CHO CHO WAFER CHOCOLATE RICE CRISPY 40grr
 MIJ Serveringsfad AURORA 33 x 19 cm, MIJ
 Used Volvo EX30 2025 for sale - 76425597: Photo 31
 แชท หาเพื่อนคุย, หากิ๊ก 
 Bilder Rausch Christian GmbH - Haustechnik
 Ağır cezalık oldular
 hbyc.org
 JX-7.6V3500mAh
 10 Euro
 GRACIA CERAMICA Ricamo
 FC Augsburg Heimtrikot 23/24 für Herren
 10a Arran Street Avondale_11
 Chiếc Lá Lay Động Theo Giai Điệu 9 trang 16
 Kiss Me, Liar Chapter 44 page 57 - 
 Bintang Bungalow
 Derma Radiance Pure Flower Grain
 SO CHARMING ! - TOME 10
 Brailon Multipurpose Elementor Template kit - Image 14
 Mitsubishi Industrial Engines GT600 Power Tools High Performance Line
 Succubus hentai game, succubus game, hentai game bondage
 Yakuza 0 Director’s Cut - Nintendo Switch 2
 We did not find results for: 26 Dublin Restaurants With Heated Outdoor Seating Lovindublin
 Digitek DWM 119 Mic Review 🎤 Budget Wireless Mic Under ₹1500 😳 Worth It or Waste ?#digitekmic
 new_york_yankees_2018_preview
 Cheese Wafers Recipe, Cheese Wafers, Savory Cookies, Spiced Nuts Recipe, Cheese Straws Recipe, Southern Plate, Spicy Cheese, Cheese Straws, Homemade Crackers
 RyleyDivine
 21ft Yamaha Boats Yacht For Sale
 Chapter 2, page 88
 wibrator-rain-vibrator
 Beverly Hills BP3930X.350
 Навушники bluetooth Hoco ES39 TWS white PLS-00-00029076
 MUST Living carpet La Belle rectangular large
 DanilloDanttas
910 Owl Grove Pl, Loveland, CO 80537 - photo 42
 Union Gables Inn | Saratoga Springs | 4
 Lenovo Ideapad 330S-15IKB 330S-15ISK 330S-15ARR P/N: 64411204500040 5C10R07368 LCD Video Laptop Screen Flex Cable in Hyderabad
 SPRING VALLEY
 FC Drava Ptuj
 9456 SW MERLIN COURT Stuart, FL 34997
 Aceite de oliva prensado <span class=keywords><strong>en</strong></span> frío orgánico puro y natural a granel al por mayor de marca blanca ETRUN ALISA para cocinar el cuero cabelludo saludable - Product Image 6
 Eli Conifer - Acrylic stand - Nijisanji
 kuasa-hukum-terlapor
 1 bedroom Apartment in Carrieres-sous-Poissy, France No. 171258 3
-*-*-
→ TASK DIRECTIONS:
Lines of the listing above that hold the string "page" should each be copied.

→ SOLUTION FOR THIS PROBLEM:
 Kiss Me, Liar Chapter 44 page 57 - 
 Chapter 2, page 88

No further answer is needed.